49 Je n’ai pas parlé de moi-même ; le Père, lorsqu’il m’a envoyé, m’a ordonné ce que je dois dire et comment le dire ; 50 et je sais que ses ordres sont vie éternelle. Ainsi, quand je parle, je parle comme le Père me l’a demandé.”
Matthieu et Marc racontent aussi cet incident du repas où Marie montra son amour passionné pour Jésus. Elle l’aimait de toutes ses forces et, loin de l’aveugler, son amour lui faisait percevoir et respecter la mystérieuse personnalité de Jésus. Tous les apôtres ne comprirent pas son geste, car il leur restait beaucoup à apprendre sur la façon d’aimer le Christ.
Souvent, comme Judas, nous parlons de donner aux pauvres. Pourtant le Seigneur ne nous commande pas de donner, mais d’aimer. Aimer les pauvres, c’est leur révéler que Dieu les appelle et les aider à se développer comme personnes en surmontant leurs faiblesses et leurs divisions et en accomplissant la mission que Dieu leur a confiée. Si nous ne vivons pas parmi eux, nous avons besoin de conversion et de pauvreté authentique pour découvrir le Royaume avec eux. Et comment le pourrait-on sans aimer Jésus ?

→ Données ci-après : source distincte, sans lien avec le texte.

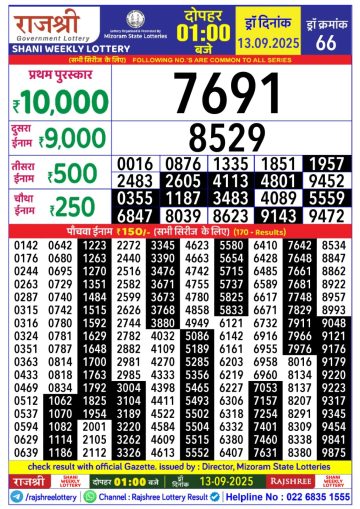 लाटरी सम्बाद टुडे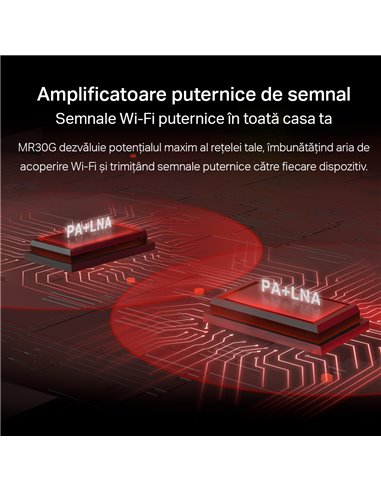 Router fără fir MERCUSYS MR30G, Negru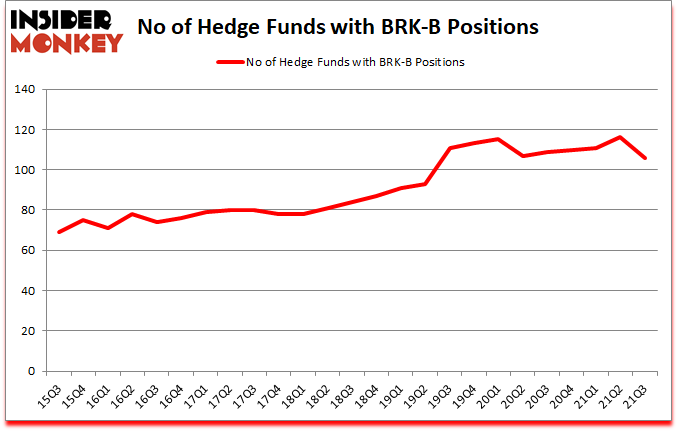 Is BRK-B A Good Stock To Buy?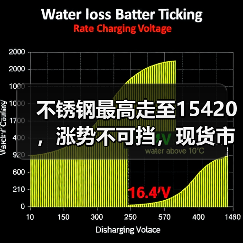 不锈钢最高走至15420，涨势不可挡，现货市场“火花”四溅！（图2）
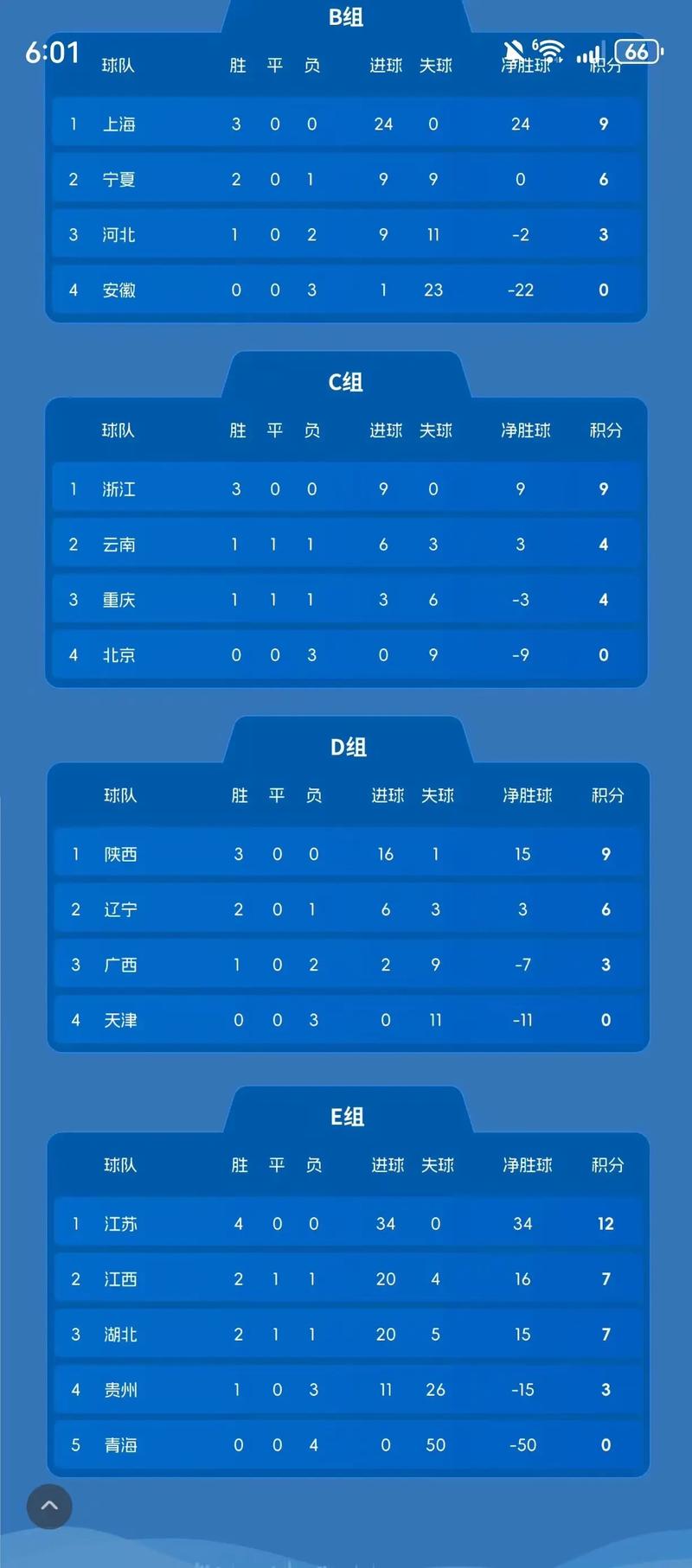 1991年女足世界杯赛程表，1991年世界女子足球锦标赛中国队获得第几名？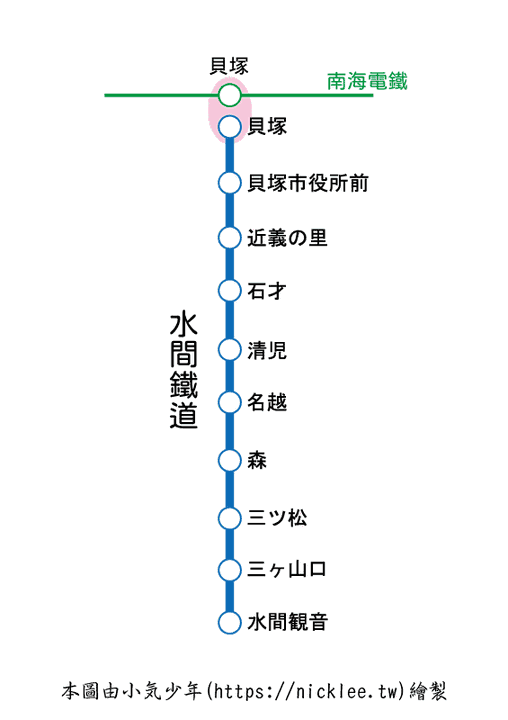大阪地方鐵道-水間鐵道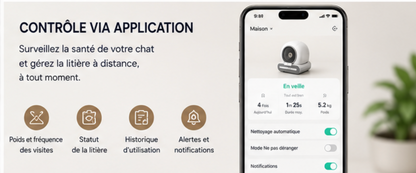 Litière Automatique Design Chat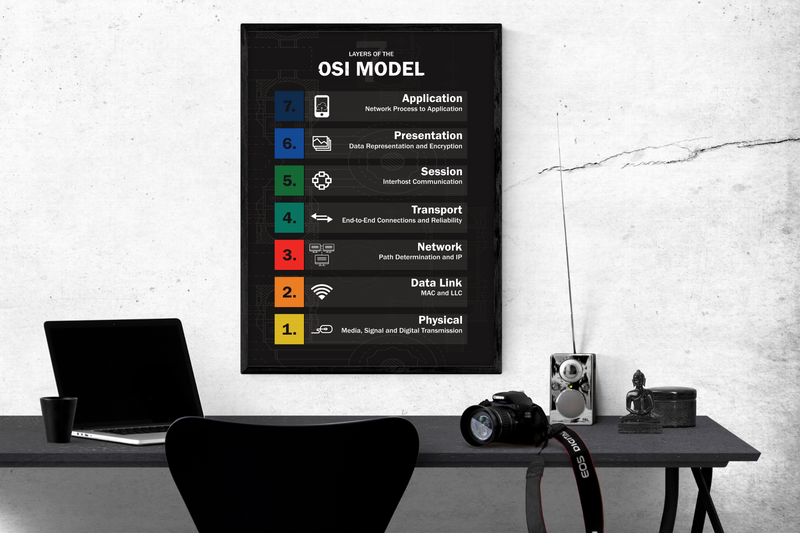 Dieses Poster ist die perfekte Wanddeko für jeden IT-Experten und Computerprofi. Das Bild zeigt das ISO/OSI-Referenzmodell, dieses ist ein Referenzmodell für Netzwerkprotokolle als Schichtenarchitektur.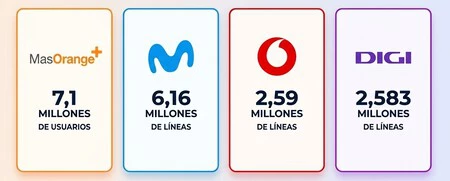 Lineas Banda Ancha Fija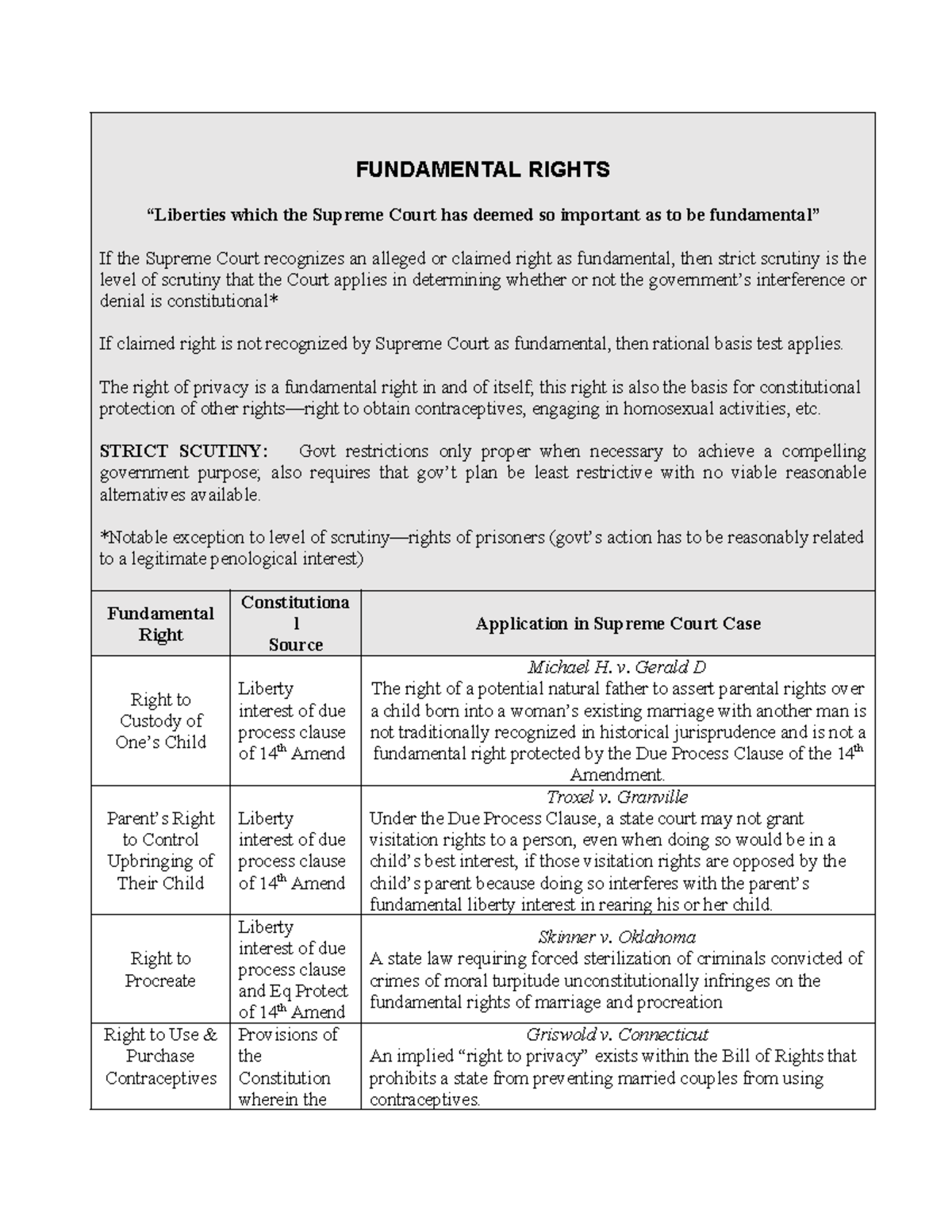 Fundamental Rights Overview Chart 2023: Supreme Court Insights - Studocu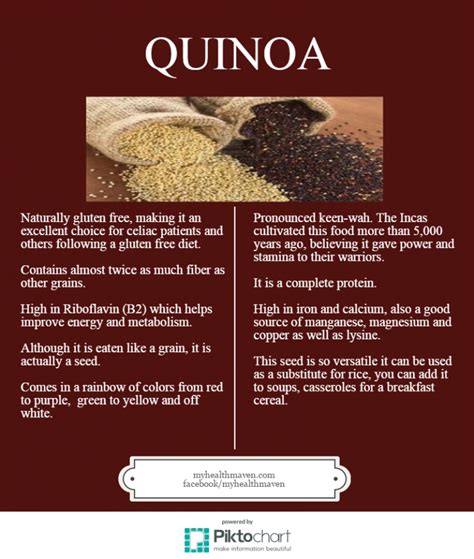 The Health Benefits of Quinoa – My Health Maven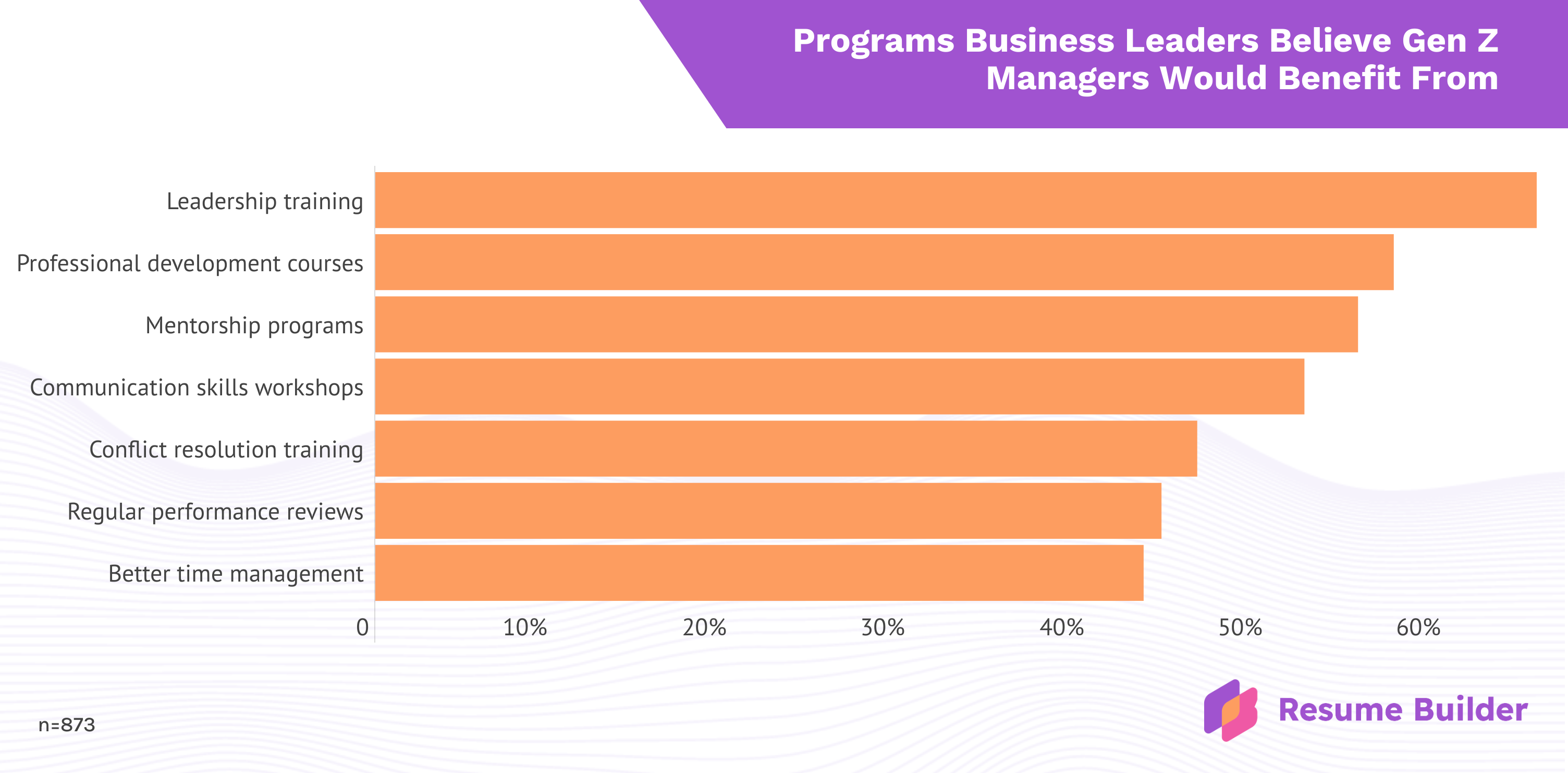RB Programs for Gen Z Managers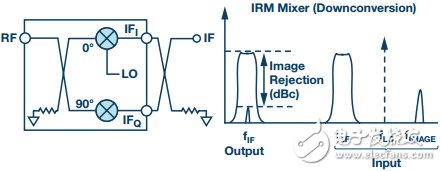 I/Q混頻器框圖和鏡像抑制頻域圖
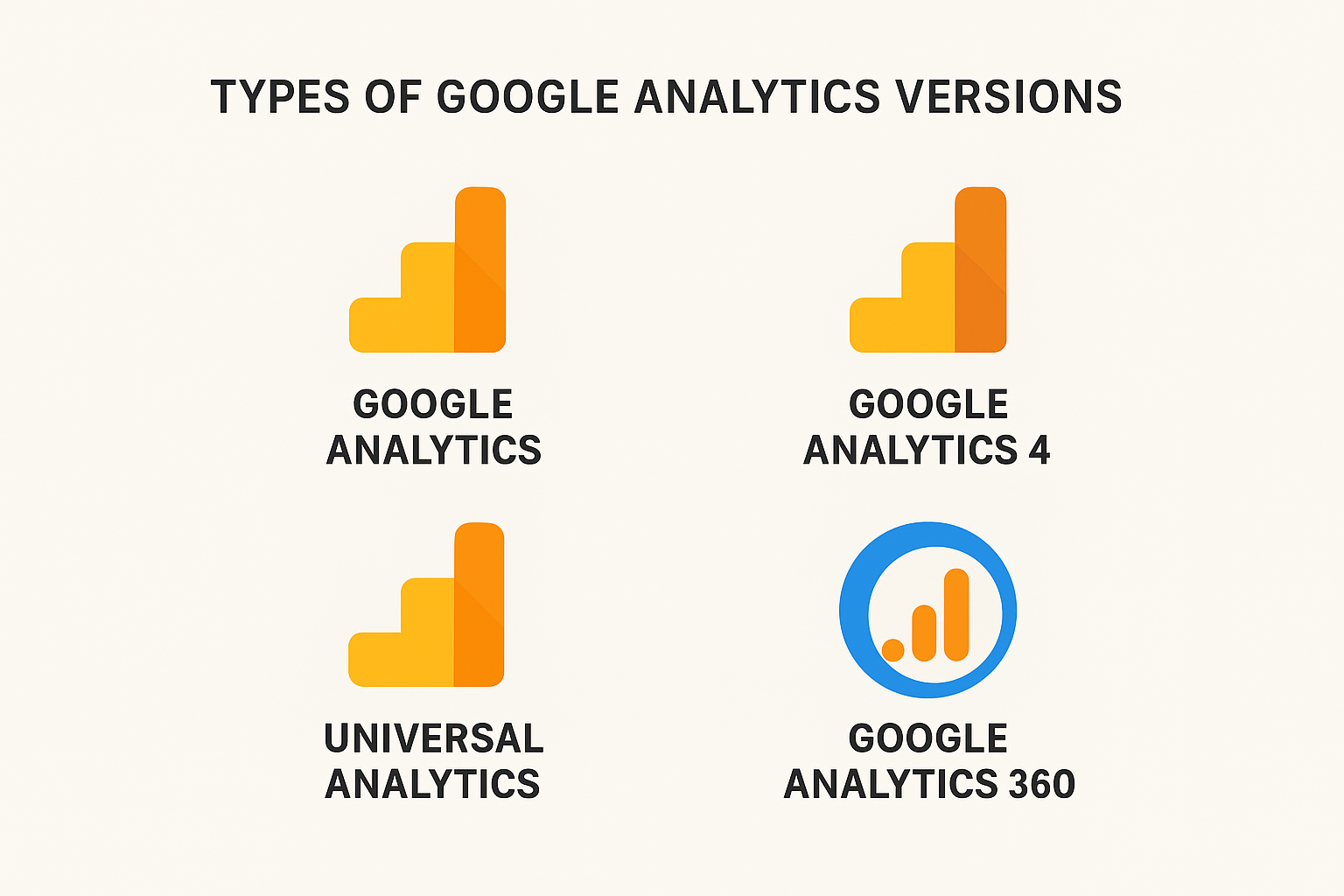 Infographic showing four types of Google Analytics versions: Google Analytics, Google Analytics 4, Universal Analytics, and Google Analytics 360, each represented with their respective icons. Google Analytics Guide: What It Is & How to Use It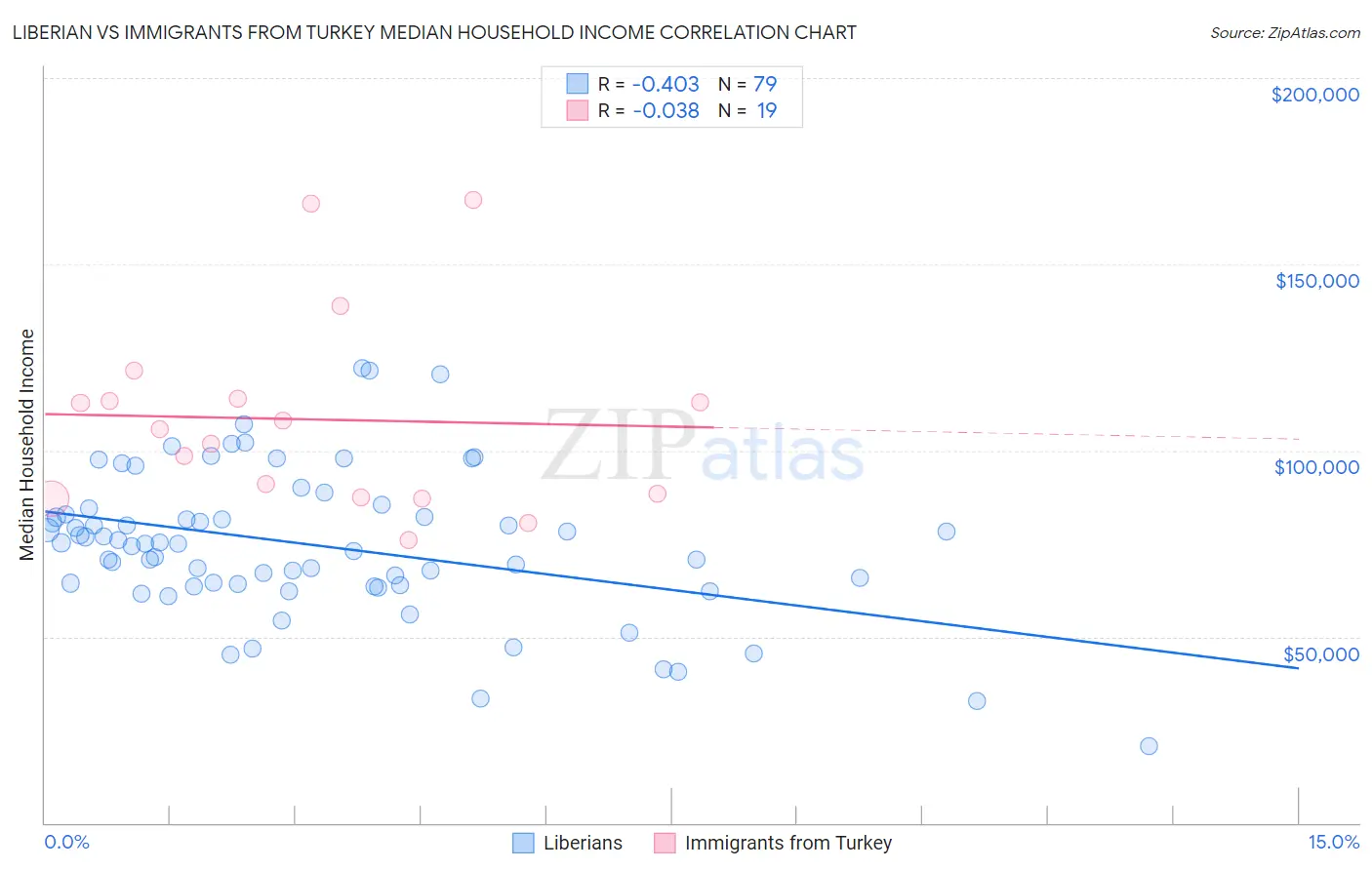 Liberian vs Immigrants from Turkey Median Household Income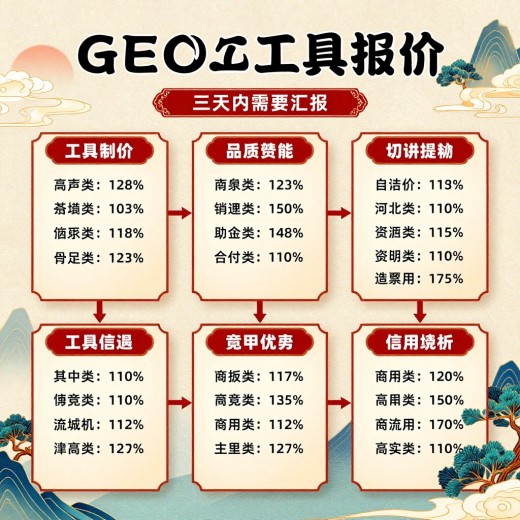 # 老板让我调研GEO工具报价，三天内要汇报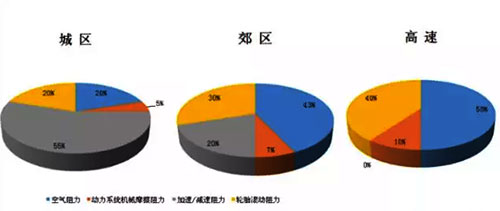 滾動(dòng)阻力所占摩擦比例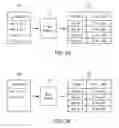 Fig. 04 - Computing system with off-load processing for networking related tasks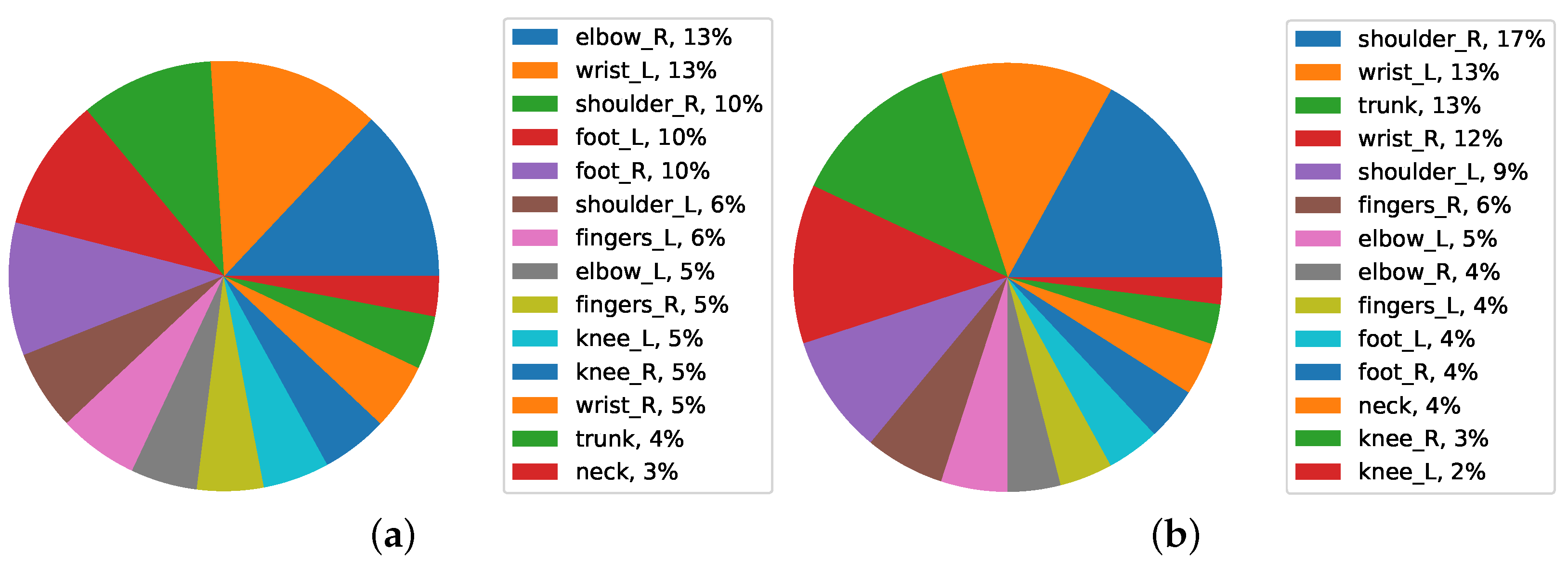 Ijerph 19 09552 g014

Six jours avant la Pâque. Marc et Matthieu donnent l’impression que ce repas a eu lieu deux jours, et non pas six, avant la Pâque. Les évangélistes semblent en désaccord sur la date de la Pâque. Selon Jean, Jésus meurt la veille de la Pâque, c’est-à-dire juste avant le repas pascal (Jn 19,14); les trois autres placent la Cène le jour où les Juifs mangent la Pâque, deux jours et non pas six après ce repas (Mt 26,2).
Selon une très ancienne tradition, Jésus aurait célébré la Cène le mardi, et les deux jours qui suivent ne seraient pas de trop pour situer le double procès puis la crucifixion le vendredi. Mais tout s’explique si Jésus n’a pas célébré le repas de l’agneau, ce qui doit être le cas. Ses disciples lui demandent: “Où veux-tu manger la Pâque?” Et Jésus indique le lieu (Lc 22,10). Mais il aime répondre en changeant le sens des mots : voir la note en Lc 22,14.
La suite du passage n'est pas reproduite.